C’est un pur procès politique que les autorités intentent au Carnaval de la Plaine-Noailles. Il a commencé dimanche 16 avec l’intervention des CRS et de la BAC contre la farandole finale, s’est amplifié avec l’article de La Provence le lendemain, et a culminé dans l’épilogue judiciaire de mardi, avec ses réquisitions et ses condamnations ubuesques contre les personnes arrêtées — dont quatre finissent aux Baumettes, un pour avoir lancé un œuf qui a éclaboussé un flic en civil…
Procès politique donc, puisque l’enjeu est la polis. Voulons-nous vivre dans une cité réelle, avec sa part laissée au désordre et à l’improvisation, ou dans une cité idéale, parfaitement gardiennée et vidéo-surveillée, réduite à un casting permanent ?
L’idéalisme du pouvoir ne supporte pas que la réalité reprenne ses droits et que Carnaval ressurgisse tout d’un coup, tel qu’en lui-même, insolent et irrévérencieux, bravant les règlements… La police, la justice, les médias sont alors convoqués. Inutile d’espérer alors un droit de réponse dans la presse locale : la Préfecture de police dicte, la Prose Rance relaye, circulez, il n’y a plus de carnaval !
Mardi 25, l’équipe du MuCEM a inauguré une exposition sur les carnavals méditerranéens — dont le nôtre ! Cette coïncidence en dit long sur l’esprit d’une époque : si ON ne nous autorise plus de véritables déambulations carnavalesques, ON nous invite en contrepartie à assister aux performances de quelques compagnies de théâtre de rue lors de l’inauguration…
Je n’insinue pas que les documents présentés dans cette expo sont inintéressants, loin de là. Mais l’ethnographie ne peut donner des idées à qui n’en a pas. Elle prétend nous montrer le monde dans son infinie variété chatoyante mais, telle la lumière de lointaines planètes, ce monde est déjà mort quand il arrive sous nos yeux de spectateurs.
A l’inverse, les coups de matraques, les gaz lacrymogènes et les grenades assourdissantes nous ont signifié avec une brutalité crue combien il est devenu inadmissible pour le pouvoir que des gens veuillent encore habiter un monde, s’y exprimer selon leurs propres rites.
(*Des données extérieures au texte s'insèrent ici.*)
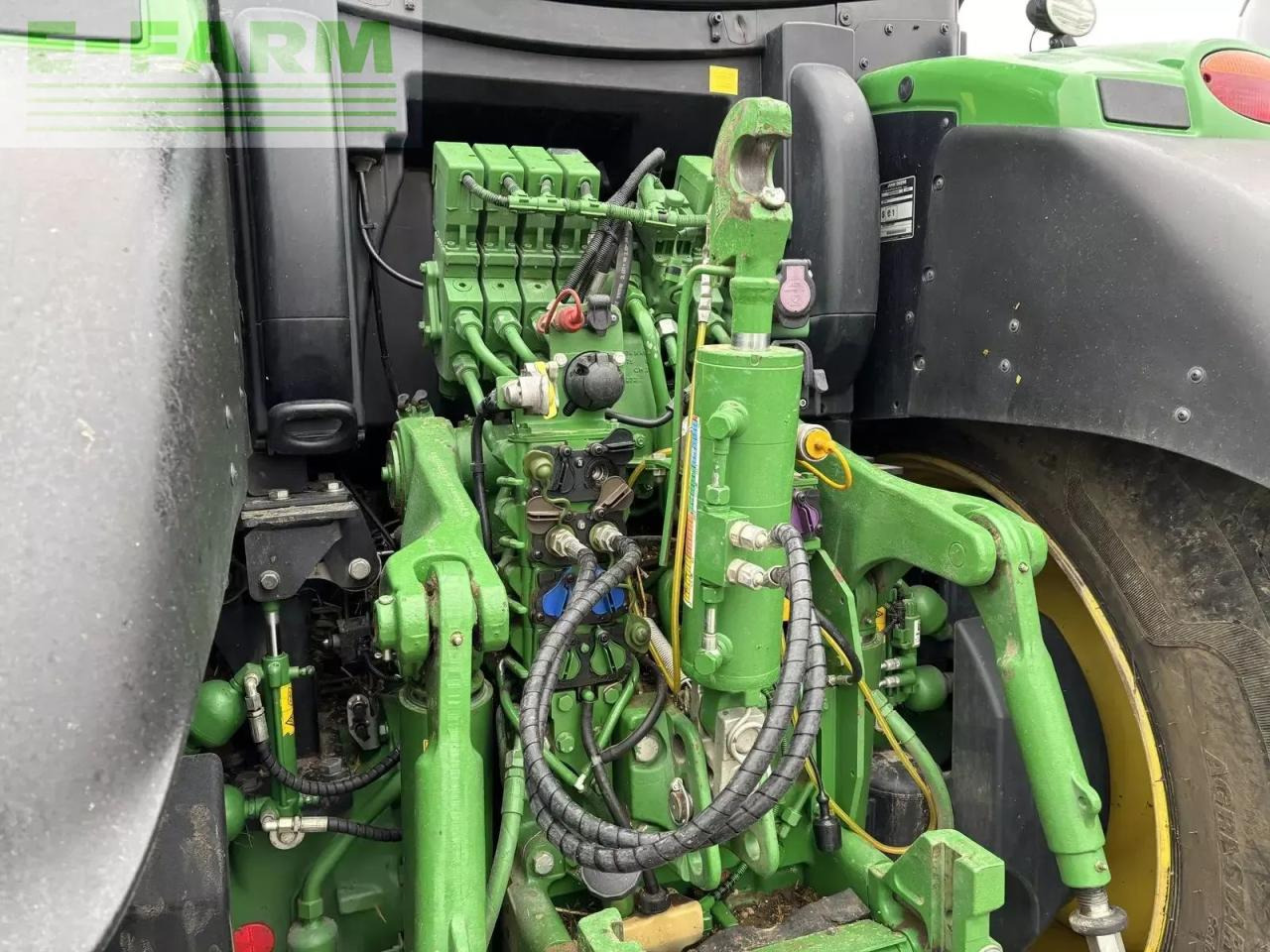 جرار John Deere 6250r: صورة 7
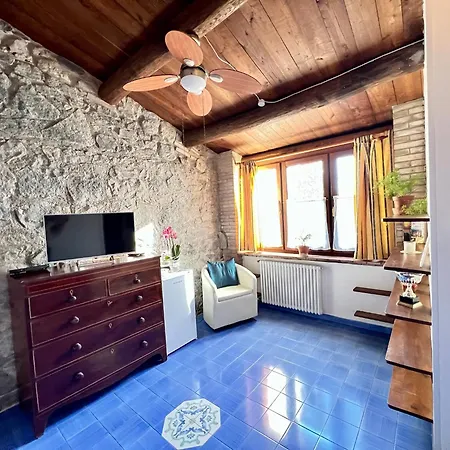 Collina Blu Bed & Breakfast *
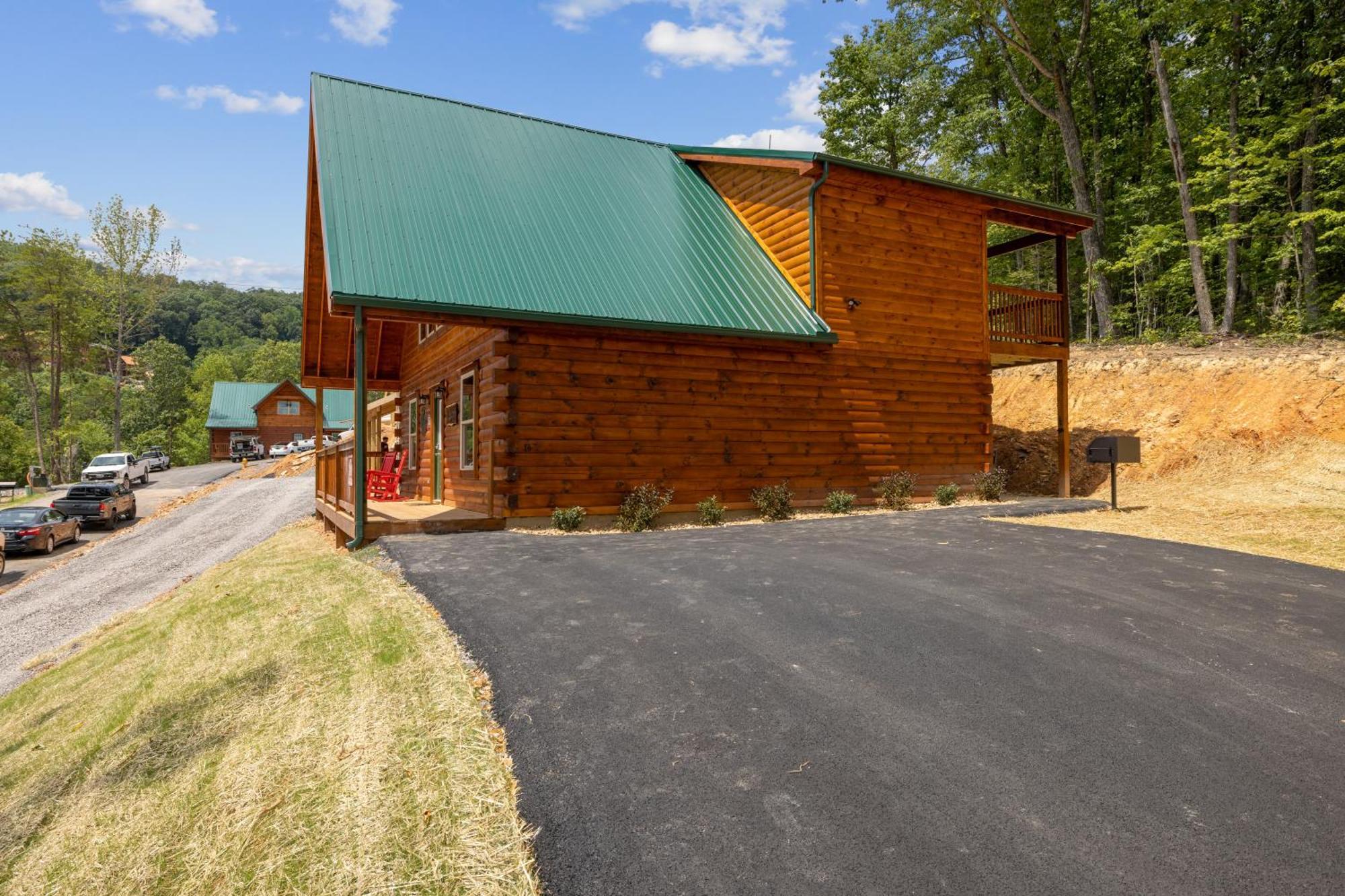 The 3 Bears Is A Newly Built 3 Bedroom Cabin Only 3 Minutes From The Parkway! Pigeon Forge Exterior photo
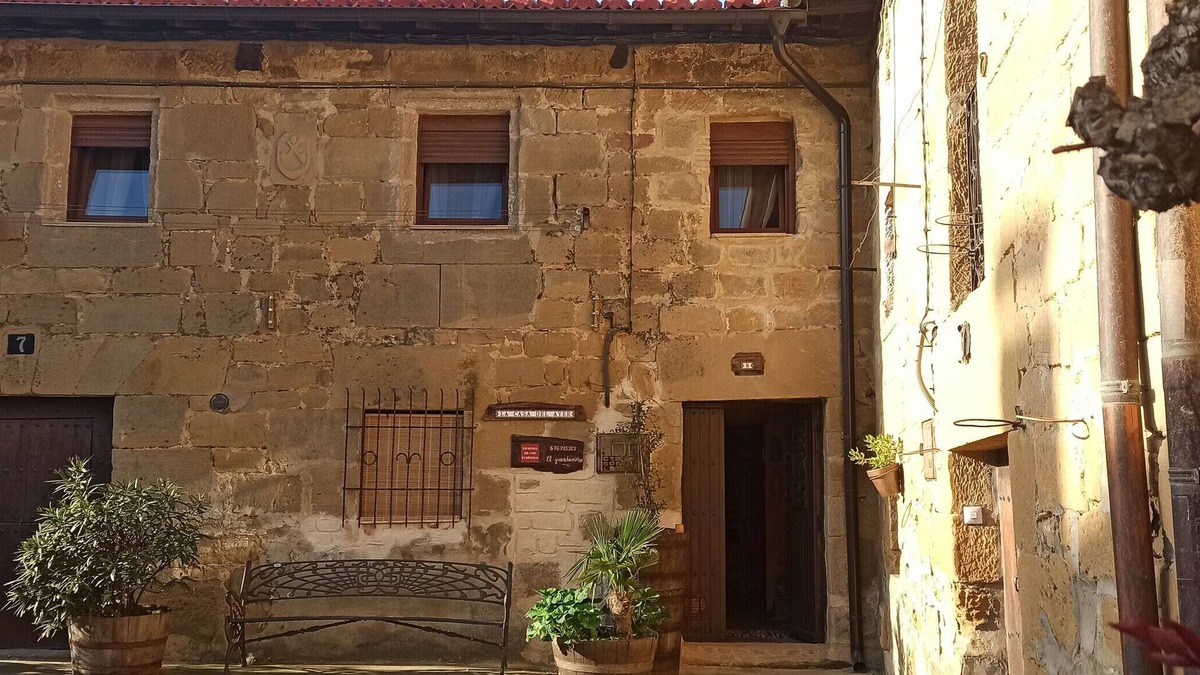 Abalos House | Holiday Home 'La Casa Del Ayer' with Mountain View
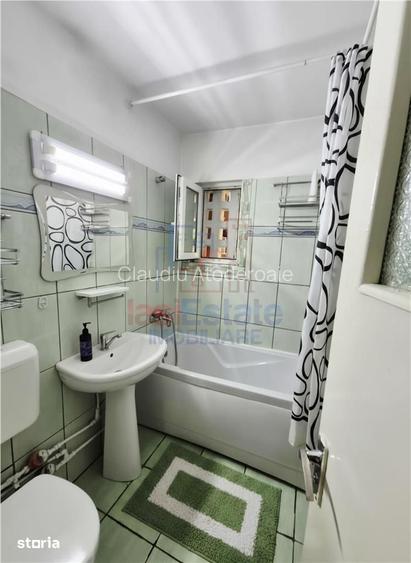 Apartament cu 3 camere zona Podu Ros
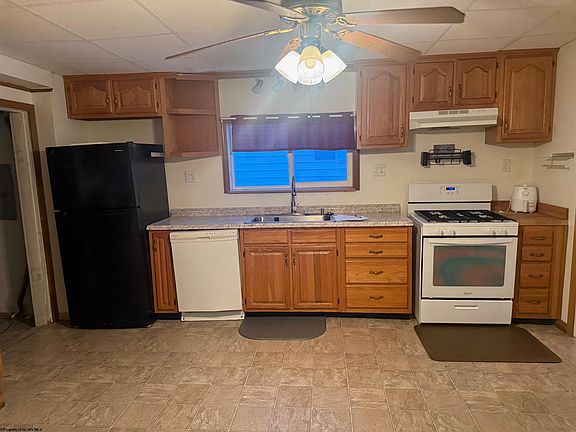 3rd image of 931 S Kerens Ave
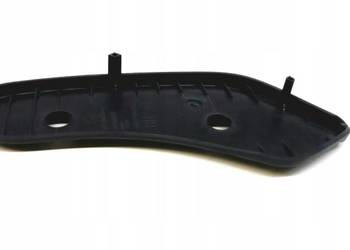 VOLVO S40 V50 chlapacz przedni prawy 30764080 OE VOLVO S40 V50 chlapacz przedni prawy 30764080 OE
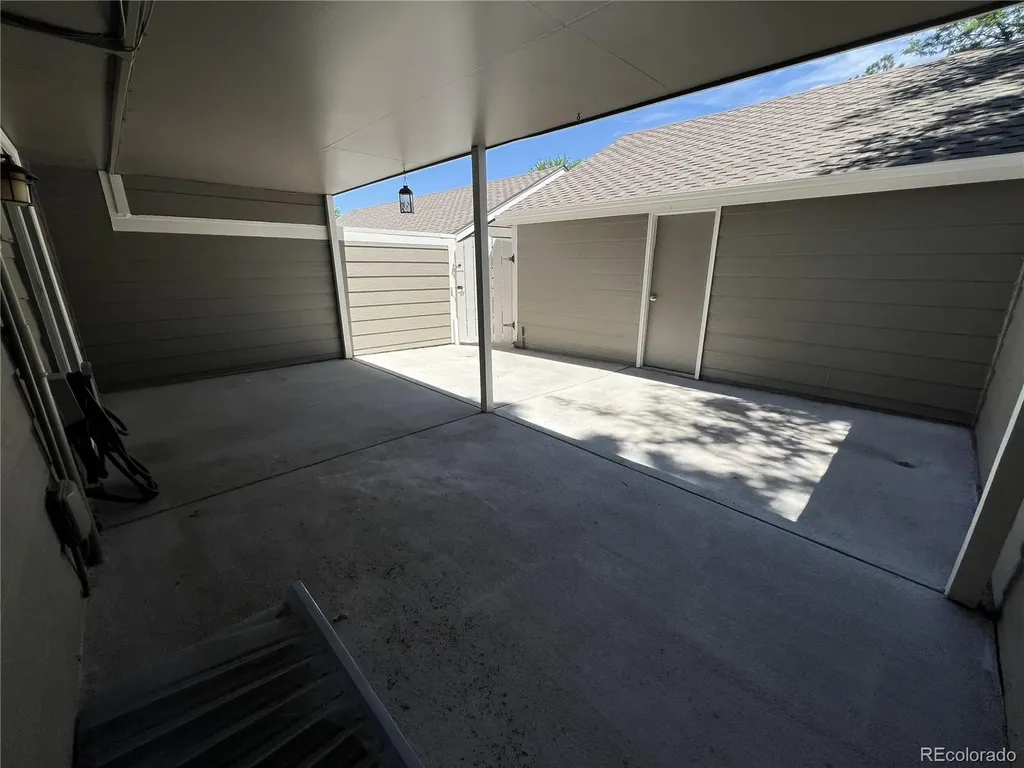 7052 E Briarwood Drive Centennial CO 80112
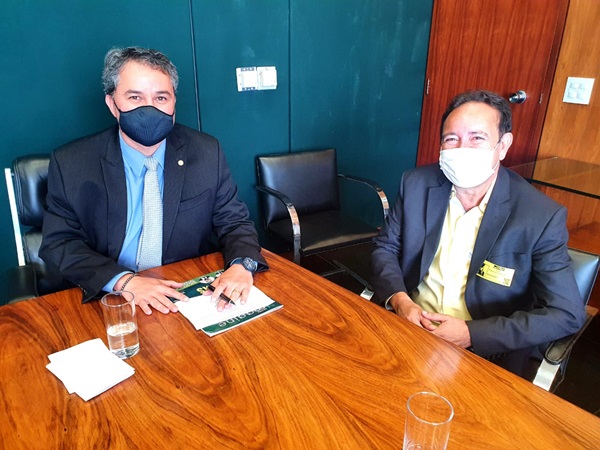 REFORÇO: Efraim Filho recebe apoio de mais 03 prefeitos, chega a 83 e consolida liderança para o Senado 02 - REFORÇO: Efraim Filho recebe apoio de mais 03 prefeitos, chega a 83 e consolida liderança para o Senado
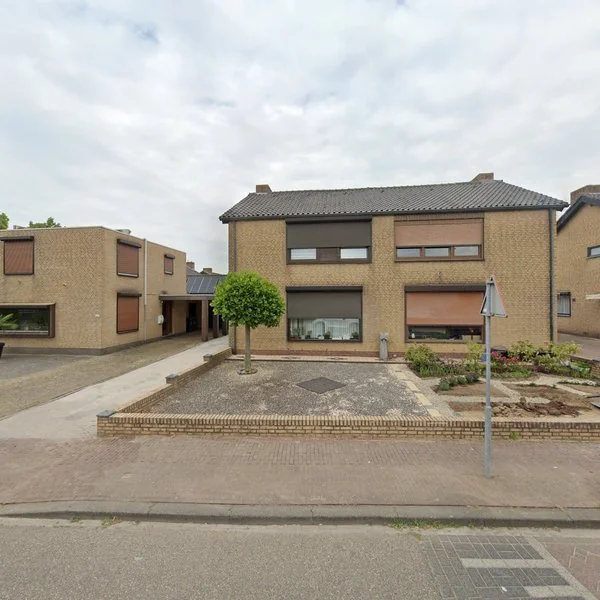 Straatbeeld van Kerkstraat 64, 6137SP Sittard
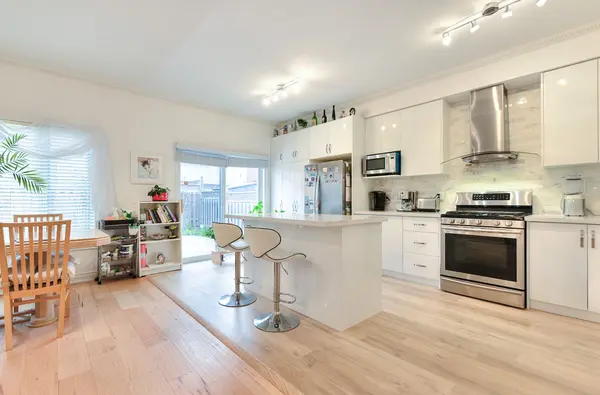 7 Fairlawn AVE, Markham, ON L6C 2E7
L’expo du MuCEM, inaugurée dix jours après le procès politique contre les carnavaliers de la Plaine-Noailles, nous délivre la conclusion de cette histoire : il n’est plus temps de s’exprimer, mais seulement de suivre le guide.

Alèssi Dell’Umbria

 

Le Monde à l’envers, carnavals et mascarades d’Europe et de Méditerranée : jusqu’au 25/08 au MuCEM (Esplanade du J4, Quai du Port, 2e).